Filter
Back

Important Time Bar for Liquidators

2009-06-01

In the case of Re New China Hong Kong Group Limited (unreported, HCCL 41/2004, 29 Aug 2009), the Court of First Instance confirmed that the time limit for bringing an action in negligence runs 3 years from the date of knowledge of the independent directors (instead of that of the liquidators), if that period expires later than 6 years from the date on which the cause of action accrues.

Background

The 1st Plaintiff (“NCHKGp”), 2nd Plaintiff (“NCHKCap”) and the 3rd Plaintiff (“NCHKFin”) were amongst a group of some 36 companies in the New China Group which went into liquidation in 1999.  The 1st Defendant (“E & Y”) was a well-known accounting firm, and was appointed as the auditors for the Plaintiffs for the whole period from their incorporation to their respective liquidation.  In addition, E & Y also occupied the position as the financial adviser on the Executive Committee of NCHKGp from February 1993.  The 2nd Defendant (“Wu”) was an audit partner of E & Y.  He was a director of NCHKGp from November 1992 to February 2003, and thereafter represented E & Y as the financial adviser on the Executive Committee.

The Plaintiffs alleged that NCHKFin had conducted business in a manner which was imprudent, reckless and/or improper.  In particular, NCHKFin had made substantial advances to 7 debtors who did not own substantial assets.  No attempt was made on the part of NCHKFin to procure sufficient security to secure the advances.  In most cases, the only security held by NCHKFin was the securities purchased with the advances. 

The essence of the Plaintiffs claims against E & Y and Wu was that for the years in 1994 and 1995,  both E & Y, acting in their dual capacity as the financial adviser on the Executive Committee and the auditors for the Plaintiffs,  and Wu failed to :-

1)        report the problems to the companies’ management or the Executive Committee;

2)        warn the companies’ management or the Executive Committee of the problems; and

3)    warn, report or make disclosure of the imprudent, reckless or improper manner in the Annual General Meetings.


As a result of the negligence of E & Y and Wu, the Plaintiffs suffered loss which consists of (i) the loss of the opportunity to realize the securities of the respective debtors; and (ii) the loss representing the value of the additional advances to the debtors, which could and would have avoided.

Actions were bought against E & Y and Wu on 30 July 2004 and 24 January 2005 respectively to claim, among other things, damages for breach of common law duties as well as breaches of their fiduciary duties as auditors, financial adviser, and director of the Plaintiff.  Subsequently, E & Y and Wu applied to the Court for an order that the actions be struck out on the grounds that the claims pleaded were time-barred.

The Applicable Legal Principles

A)   Periods of Limitation

For most actions, the limitation period is six years from the accrual of the cause of action as prescribed by section 4 of the Limitation Ordinance (Cap. 347). Any action begun after the expiration of limitation period is time-barred. 

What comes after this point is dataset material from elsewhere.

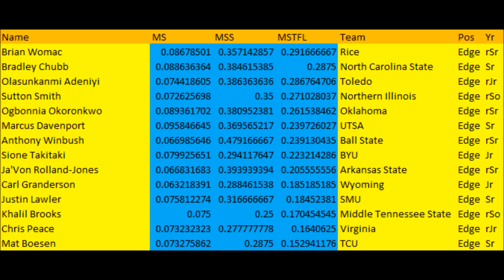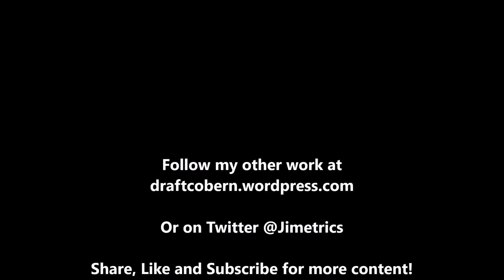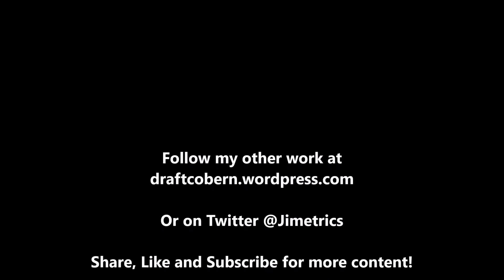You can go to the description and click the link to get all that information. My name is James Coburn. You can find my other work at draftcoburn.wordpress.com and follow me on Twitter at Jimmetrics. If you like this content and want more, be sure to leave a like, subscribe, and share this video with anyone you know. I'll talk to you guys in the next video.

One of the exceptions to this rule is where damages is claimed in the tort of negligence and such damages could not have been discovered by the Plaintiff at the date of the accrual.  In such cases, the Plaintiff may bring an action against the Defendant either within (1) six years from the date on which the cause of action accrued; or (2) three years from the earliest date on which the Plaintiff had both (a) the knowledge required for bringing an action for damages in respect of the relevant damages; and (b) a right to bring such an action, whichever is later.

Another exception is where any fact which the Plaintiff has to prove in order to establish a prima facie case is deliberately concealed from him by the Defendant.  If so, the time limit does not start to run until the fraud has been discovered or could with reasonable diligence be discovered.  Important to note is that if the Plaintiff is already aware of the facts relevant to his right of action, there cannot be a “concealment”.

B)   Accrual of Cause of Action

A cause of action in negligence accrues when the damage which results from the tortuous conduct is real, as distinct from minimal or negligible, and actual.  The concept of “damage” encompasses any detriment, liability or loss capable of assessment in monetary terms.  Therefore, the ordinary six years limitation period runs from the moment that the Plaintiff suffers real and actual damage. 

C) Knowledge

The law does not require the Plaintiff to have detailed knowledge of all the acts and omissions of the Defendant as constituting negligence.  What matters is the Plaintiff’s knowledge of what constitutes “the essence of the complaint of negligence”.  As soon as the Plaintiff knows enough to make it reasonable for him to begin to investigate whether or not he has a case against the Defendant, the “essence” of the act or omission is gained.  Knowledge that any acts or omission did or did not, as a matter of law, involve negligence is irrelevant.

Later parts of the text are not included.